Behaviour, Not Brilliance, Drives Outcomes

Even the finest investment product cannot compensate for poor investing behaviour. Conversely, even a simple, broadly diversified portfolio can deliver meaningful wealth if paired with patience, discipline, and a long-term mindset.

Across global and Indian markets, we see a recurring theme: investors' real returns tend to lag the returns of the very products they invest in. This 'returns gap' arises not because products fail, but because human behaviour intervenes, through panic, impatience, or greed.

As per many studies, while equity mutual funds have delivered around 12% returns over longer periods like 10–15 years, the average investor often earns far less, primarily because of trying time enter and exit based on emotions.

Why Behavioural Discipline Matters More Than Ever

Markets today are noisier than they have ever been. Social media, 24/7 financial news and digital investing platforms make reacting almost too easy. With a few clicks, investors can move entire portfolios, often based on transient market events rather than long-term fundamentals.

During periods of market exuberance, we observe a surge in inflows into equity mutual funds. Conversely, during corrections or bear phases, fear takes over and redemptions spike. This buy-high, sell-low pattern is the single largest destroyer of long-term returns.

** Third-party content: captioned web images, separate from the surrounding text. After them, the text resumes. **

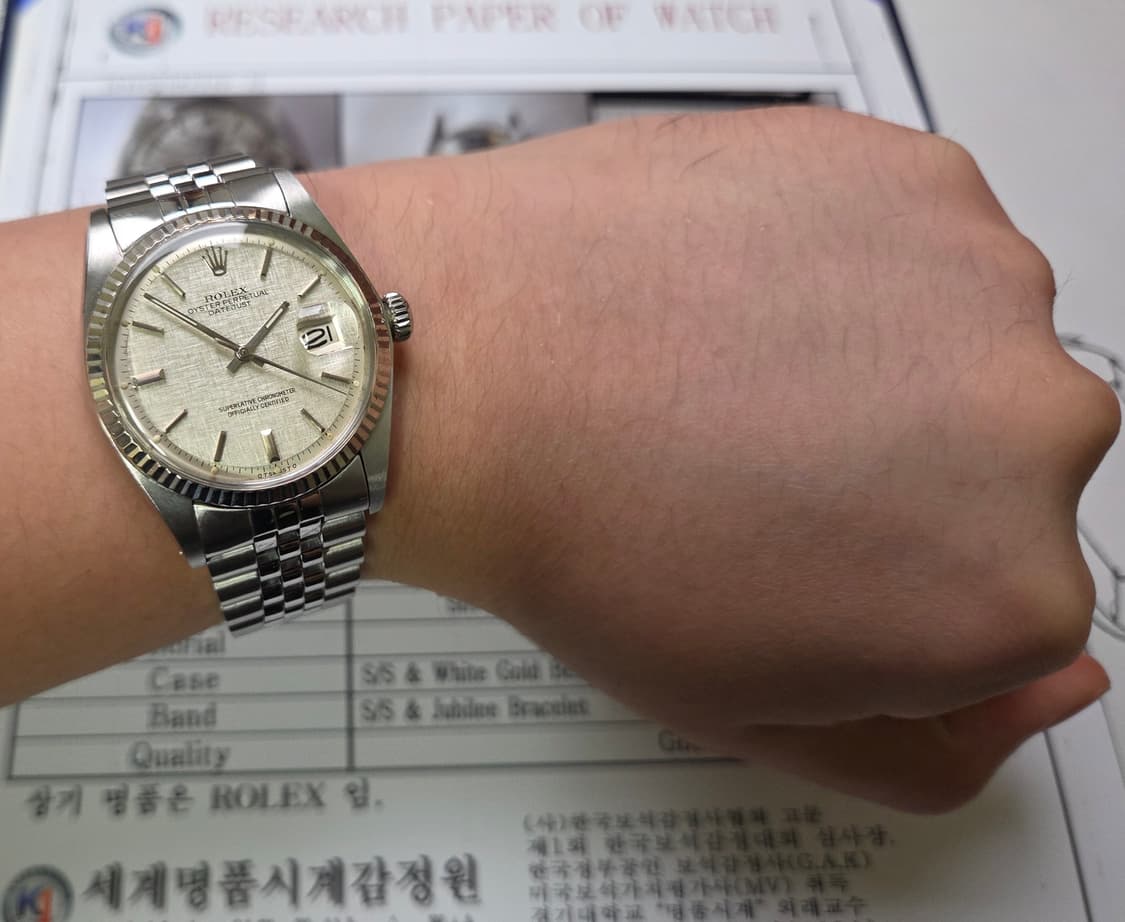빈티지 롤렉스 데이저스트 Ref.1601 실버보카시 통줄 쥬빌리줄 (감정 상품이미지9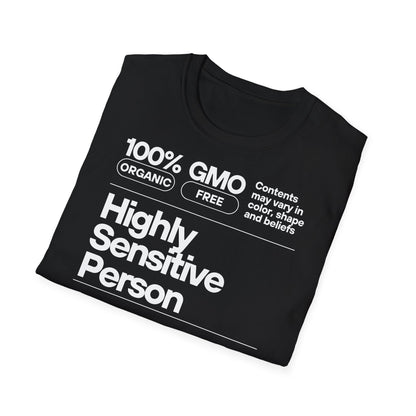 Highly Sensitive Person T-Shirt Unisex Tee | Sensitive personality unisex shirt | Emotional awareness t-shirt | Minimal statement tee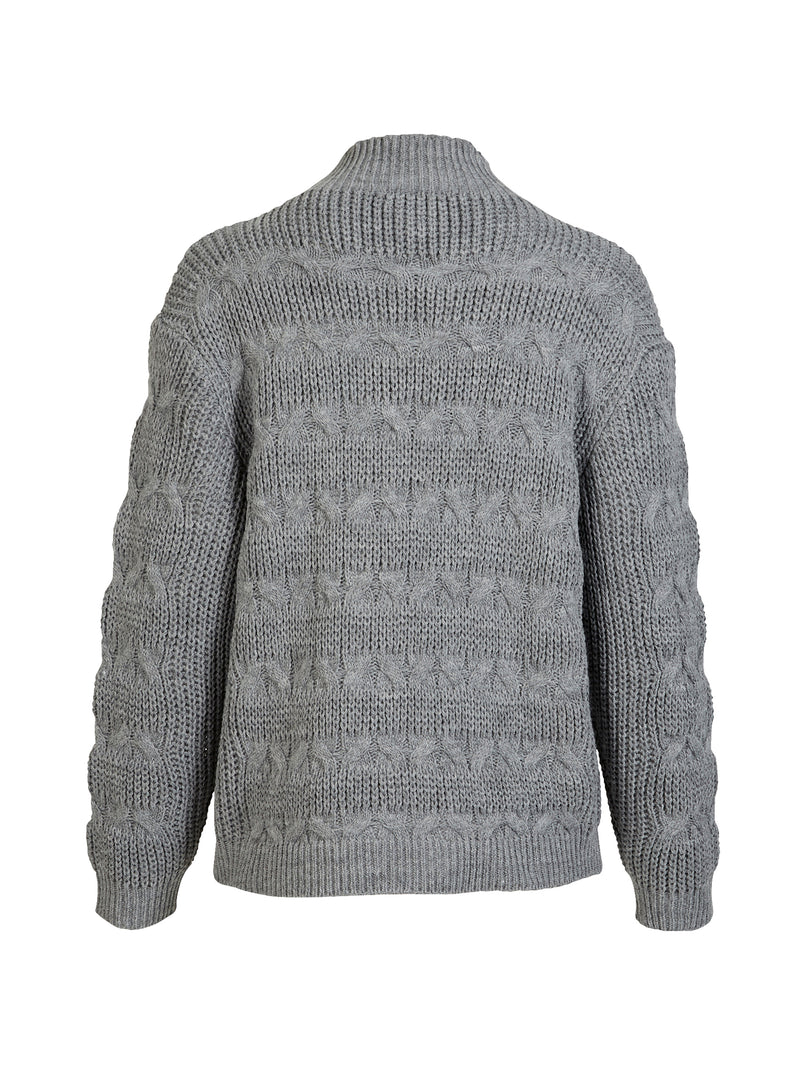 NÜ Pull en tricot YASMIN Chemisiers 901 Grey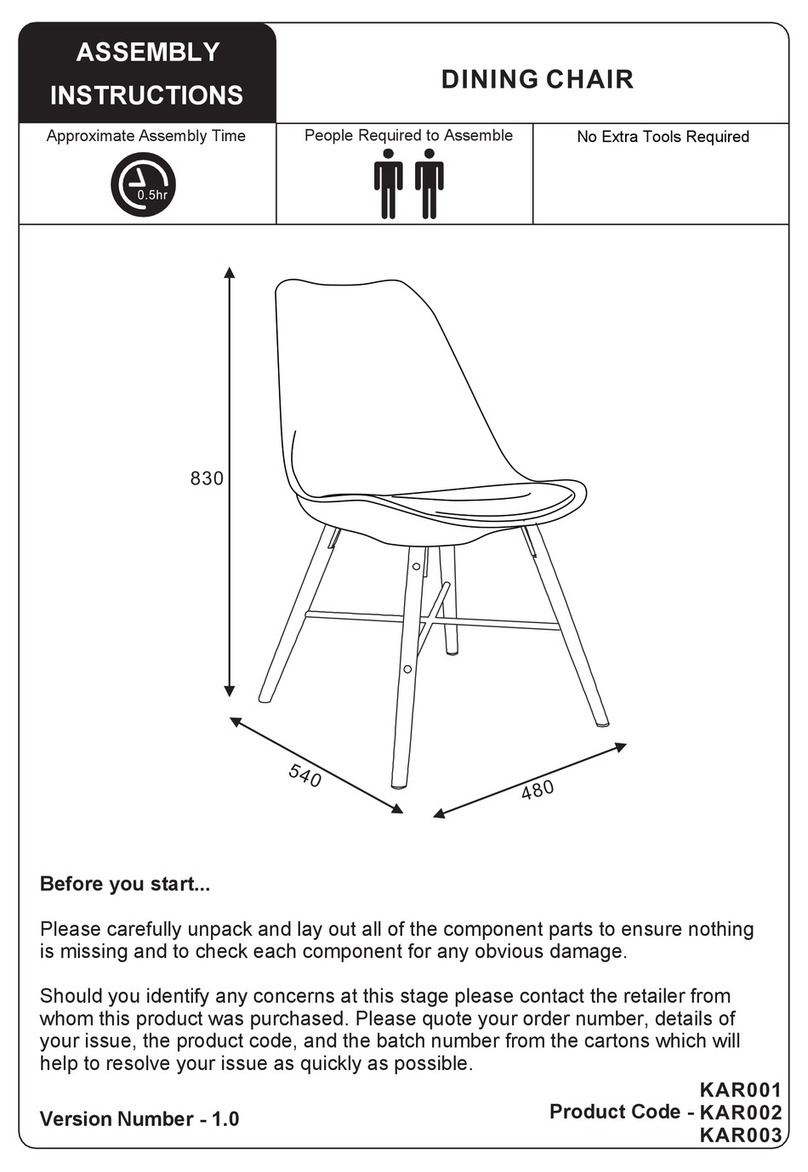 Julian Bowen Limited KAR001 User manual Julian Bowen Limited KAR001 User manual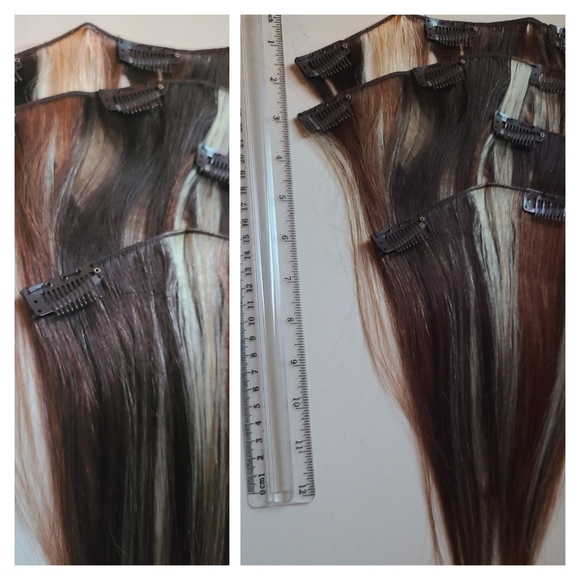 Instant Results 4 pcs Brand New 🆕️ 10 inch Hair Extensions 🌿 Real Hair - Picture 2 of 6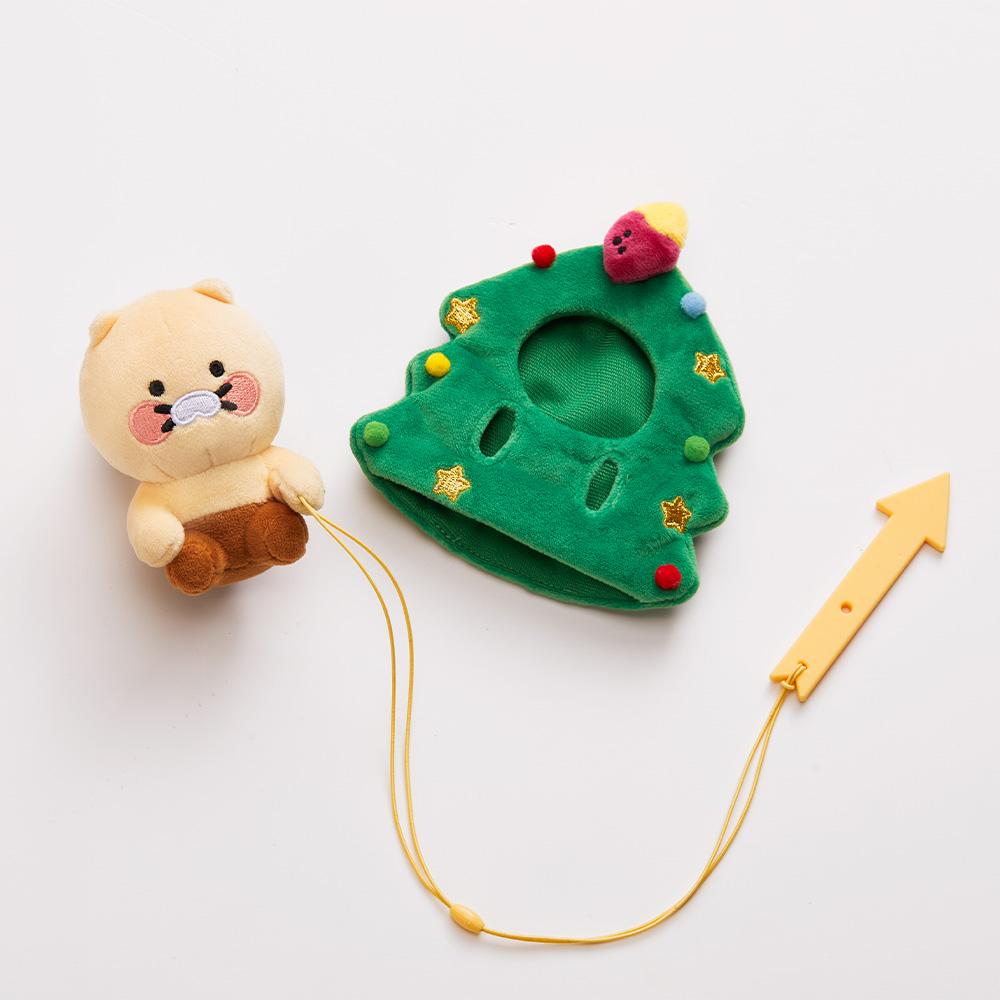 Kakao Friends: Jingle Bell Golf Tee Keeper - Choonsik 징글벨 골프티 키퍼 - 춘식이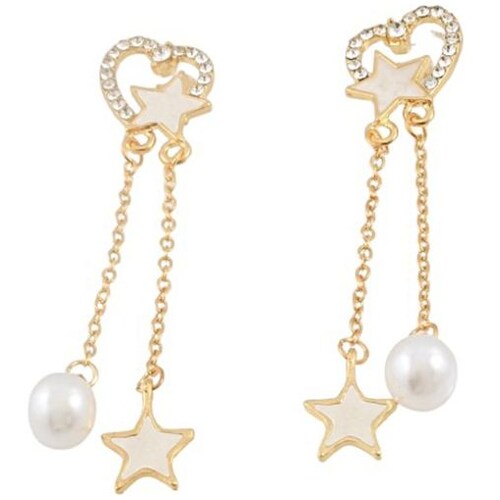 Aretes Estrella con Perla Lulu
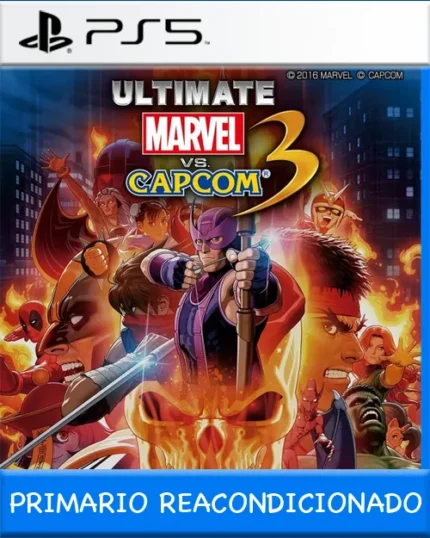 Ps5 Digital Ultimate Marvel vs. Capcom 3 Primario Reacondicionado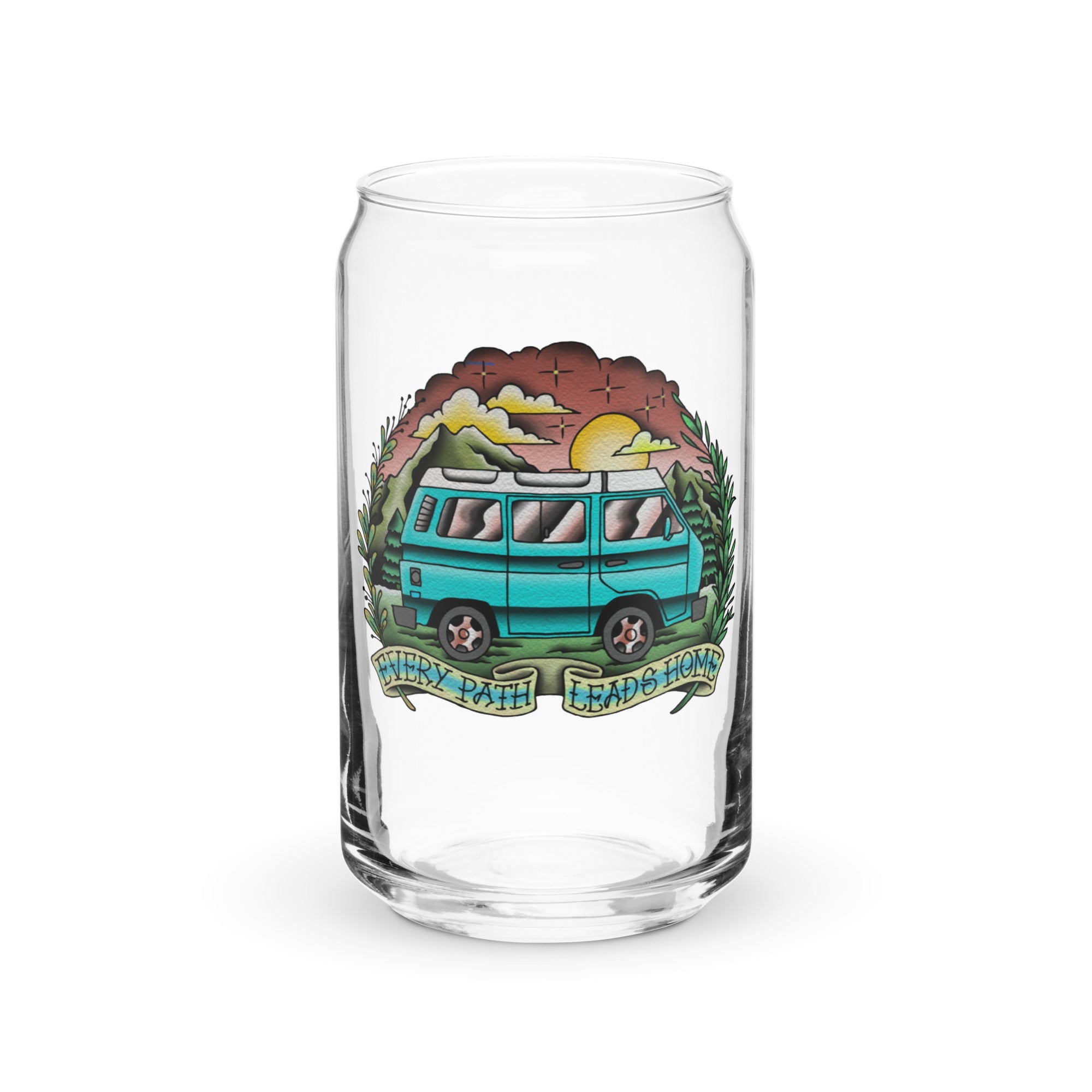Every Path Leads Home Pint Glass - OVERLANDERS Outfitter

Behavioural traps like loss aversion, recency bias and herd mentality have always existed. What has changed is the speed and scale at which investors now react. In this environment, having a strong behavioural anchor, clarity of goals, asset allocation discipline, and rational expectations, becomes not just important, but essential.

A Few Real-World Lessons from Market Cycles

Consider the Indian markets between 2007 and 2020, a period that included the Global Financial Crisis, taper tantrum, demonetization, COVID-19, and multiple geopolitical events.

  • Investors who stayed the course during the 2008 crash, continuing their SIPs despite a 50% fall in indices, saw their portfolios recover and grow manifold over the next decade.
  • During March 2020, amidst pandemic-induced fear, those who redeemed investments locked in losses. In contrast, those who stayed invested, or even added systematically, benefited from one of the sharpest recoveries in history.

The critical insight: the ability to behave well during moments of fear or exuberance matters more than finding the 'perfect' product.

Building Behavioural Resilience: The Real Alpha

In today's investing environment, resilience is the real alpha.

Resilience comes from several principles:

  • Investing with a clear purpose: When investments are tied to real-life goals, retirement, children's education, financial security, investors are less likely to react impulsively.
  • Following an asset allocation framework: Rather than chasing hot sectors or last year’s winners, sticking to a diversified allocation aligned with one’s risk appetite anchors decision-making.
  • Automating investments: Systematic Investment Plans (SIPs) remove the emotional element from timing decisions, enforcing consistency.
  • Focusing on process over prediction: Instead of trying to forecast market tops and bottoms, following a disciplined review and rebalancing process ensures investors stay aligned to their plans.

Over time, it’s not tactical brilliance but disciplined execution that creates wealth.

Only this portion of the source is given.